L'affaire, qui a bouleversé l'opinion publique, met en lumière les lacunes du système de signalement et de suivi des enfants en danger. Lyhanna, suivie par les services sociaux depuis sa naissance, est décédée en mars dernier des suites de violences répétées. Ses parents, mis en examen, sont en détention provisoire.
Emmanuel Macron a annoncé la création d'une commission d'enquête indépendante chargée d'analyser les failles dans le parcours de l'enfant. Il a également demandé un audit national des services de protection de l'enfance, avec un rapport attendu dans les trois mois.
Réactions politiques unanimes
La classe politique, tous bords confondus, s'est jointe à la condamnation. La Première ministre, Élisabeth Borne, a parlé de "faillite systémique" et a promis des sanctions contre les fonctionnaires ayant failli à leur mission. De son côté, le garde des Sceaux, Éric Dupond-Moretti, a annoncé l'ouverture d'une enquête administrative pour déterminer les responsabilités.
À gauche, Jean-Luc Mélenchon a dénoncé "l'indifférence criminelle de l'État", tandis que Marine Le Pen a évoqué un "scandale d'État". Les associations de défense des droits de l'enfant, comme la Fondation pour l'Enfance, ont salué la prise de conscience mais réclament des actes concrets.
Des réformes attendues
Parmi les pistes évoquées : le renforcement des effectifs des services sociaux, la formation des magistrats et des travailleurs sociaux, ainsi qu'une meilleure coordination entre les différents acteurs (école, hôpital, justice).

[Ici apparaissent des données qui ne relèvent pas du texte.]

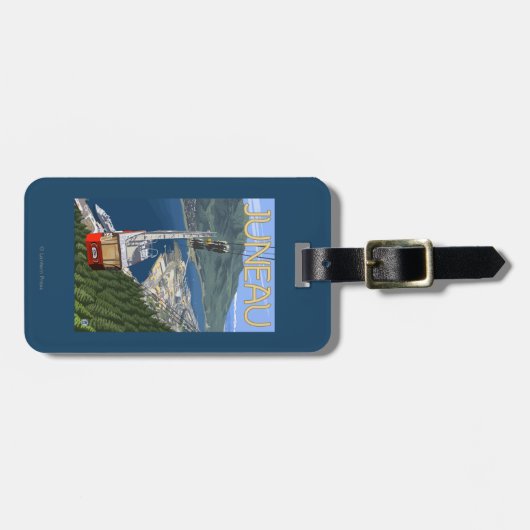 ジュノー、アラスカの上の市街電車ヴィンテージ旅行ポスター ラゲッジタグ (正面横)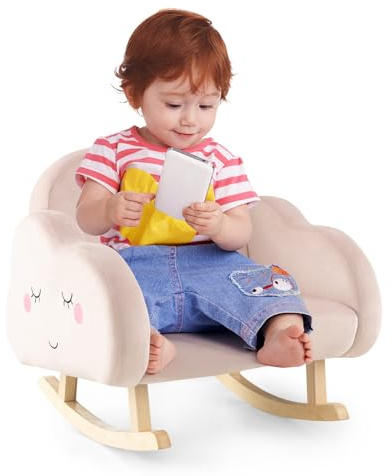 COSTWAY Silla Mecedora para Niños, Sillón Infantil Tapizado con Patas de Madera Maciza y Almohadillas Antideslizantes, Mecedora para Niños en Guardería, Sala de Juegos, Dormitorio (Rosa Ligero)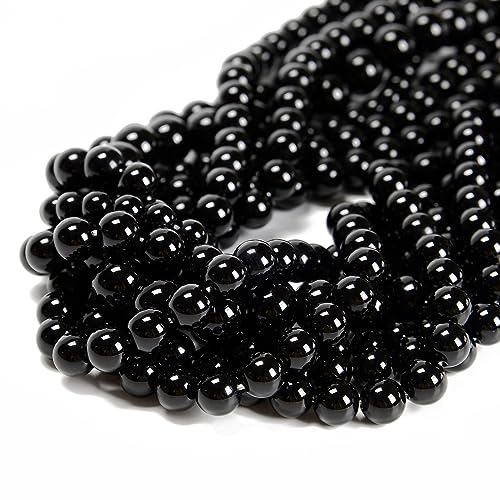 Schwarze Onyx-Achat-Perlen, 8 mm, Naturstein, rund, echter Edelstein, für selbstgemachte Armbänder, Schmuckschnüre, 48 Stück Schwarze Onyx-Achat-Perlen, 8 mm, Naturstein, rund, echter Edelstein, für selbstgemachte Armbänder, Schmuckschnüre, 48 Stück von ASDJHFABKY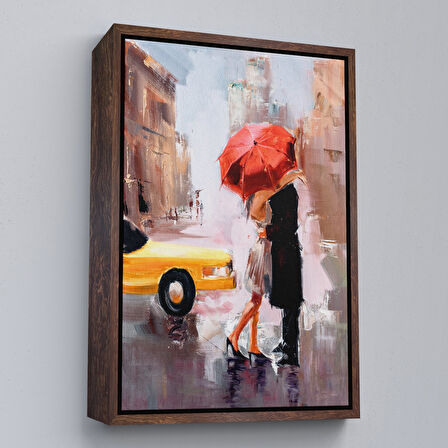 Altın Çerçeveli Kavuşan Aşıklar Yağlıboya Görünüm Dekoratif Kanvas Duvar Tablosu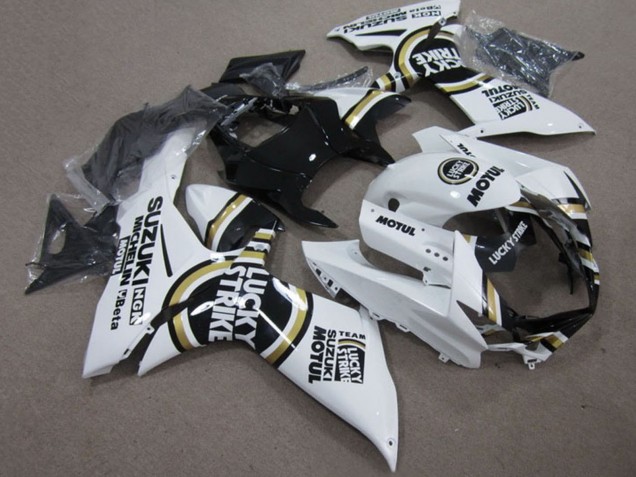 Mejores Carenados Moto Suzuki GSXR 750 2011-2024 - Blanco Lucky Strike Negro Motul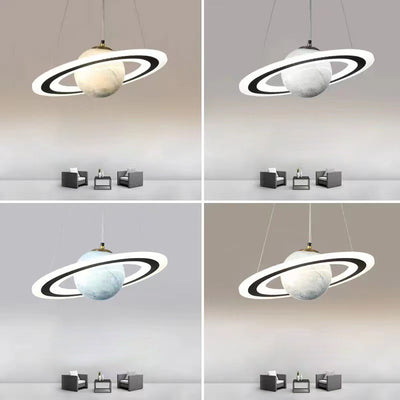Contemporary Creative Sphere Metal Acrylic Glass LED Pendant Light For Bedroom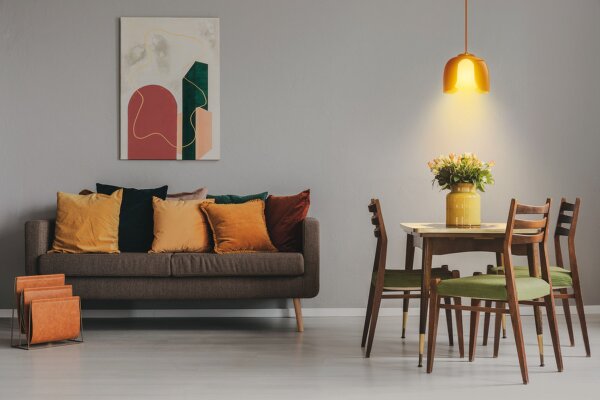 Pendelleuchte Glas E27 Orange Metall L:20 cm OSRAM
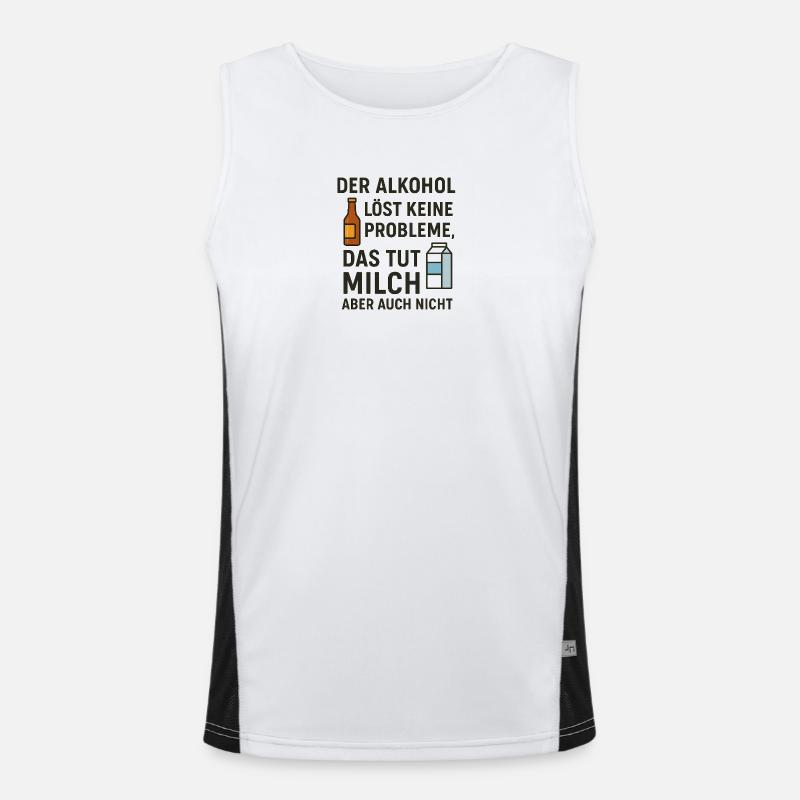 Alcohol does not solve any problems - Men's Functional Contrast Tank Top  - white/black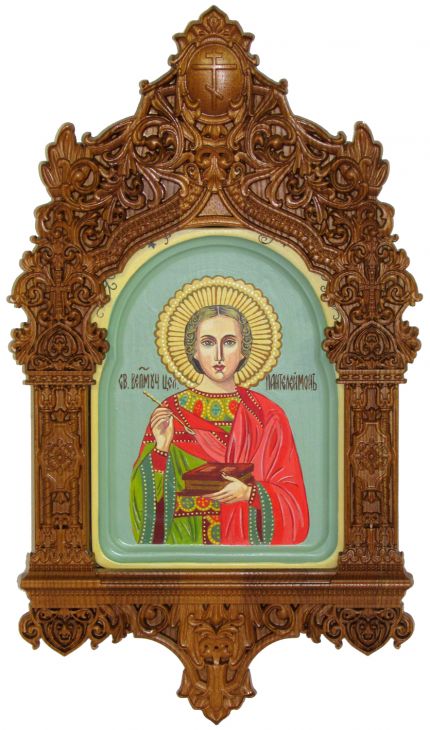 Рукописная икона "Святой Великомученик и Целитель Пантелеймон" на кипарисе Рукописная икона "Святой Великомученик и Целитель Пантелеймон" на кипарисе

Le gouvernement prévoit également de créer un fichier national des enfants en danger, afin d'éviter les pertes d'information.
L'affaire Lyhanna rappelle tragiquement d'autres cas similaires, comme celui de Marina en 2014, qui avaient déjà conduit à des promesses de réformes sans suite. Cette fois, l'exécutif assure vouloir aller jusqu'au bout. Une mission parlementaire transpartisane devrait être mise en place dans les prochains jours.
Le président a conclu en appelant à une "mobilisation générale" pour protéger les enfants, insistant sur le devoir de la société à ne pas détourner le regard. Un hommage national à Lyhanna est envisagé, bien que la famille ait demandé à rester dans la discrétion.